* Data provided
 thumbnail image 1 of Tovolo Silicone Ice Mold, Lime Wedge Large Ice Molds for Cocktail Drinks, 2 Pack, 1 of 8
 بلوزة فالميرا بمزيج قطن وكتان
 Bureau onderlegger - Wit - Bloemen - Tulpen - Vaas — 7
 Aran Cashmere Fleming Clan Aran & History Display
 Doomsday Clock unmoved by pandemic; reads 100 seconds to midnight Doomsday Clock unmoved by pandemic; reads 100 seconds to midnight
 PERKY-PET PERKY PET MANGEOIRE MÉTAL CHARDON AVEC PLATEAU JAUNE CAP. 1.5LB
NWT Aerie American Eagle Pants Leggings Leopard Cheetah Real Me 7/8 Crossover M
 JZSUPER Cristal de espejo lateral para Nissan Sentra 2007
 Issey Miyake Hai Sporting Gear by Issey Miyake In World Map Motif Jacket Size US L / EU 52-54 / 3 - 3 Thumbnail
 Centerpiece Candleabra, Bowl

* What is being asked
Your task is to quote all of the data word for word.

* Solution below
 thumbnail image 1 of Tovolo Silicone Ice Mold, Lime Wedge Large Ice Molds for Cocktail Drinks, 2 Pack, 1 of 8
 بلوزة فالميرا بمزيج قطن وكتان
 Bureau onderlegger - Wit - Bloemen - Tulpen - Vaas — 7
 Aran Cashmere Fleming Clan Aran & History Display
 Doomsday Clock unmoved by pandemic; reads 100 seconds to midnight Doomsday Clock unmoved by pandemic; reads 100 seconds to midnight
 PERKY-PET PERKY PET MANGEOIRE MÉTAL CHARDON AVEC PLATEAU JAUNE CAP. 1.5LB
NWT Aerie American Eagle Pants Leggings Leopard Cheetah Real Me 7/8 Crossover M
 JZSUPER Cristal de espejo lateral para Nissan Sentra 2007
 Issey Miyake Hai Sporting Gear by Issey Miyake In World Map Motif Jacket Size US L / EU 52-54 / 3 - 3 Thumbnail
 Centerpiece Candleabra, Bowl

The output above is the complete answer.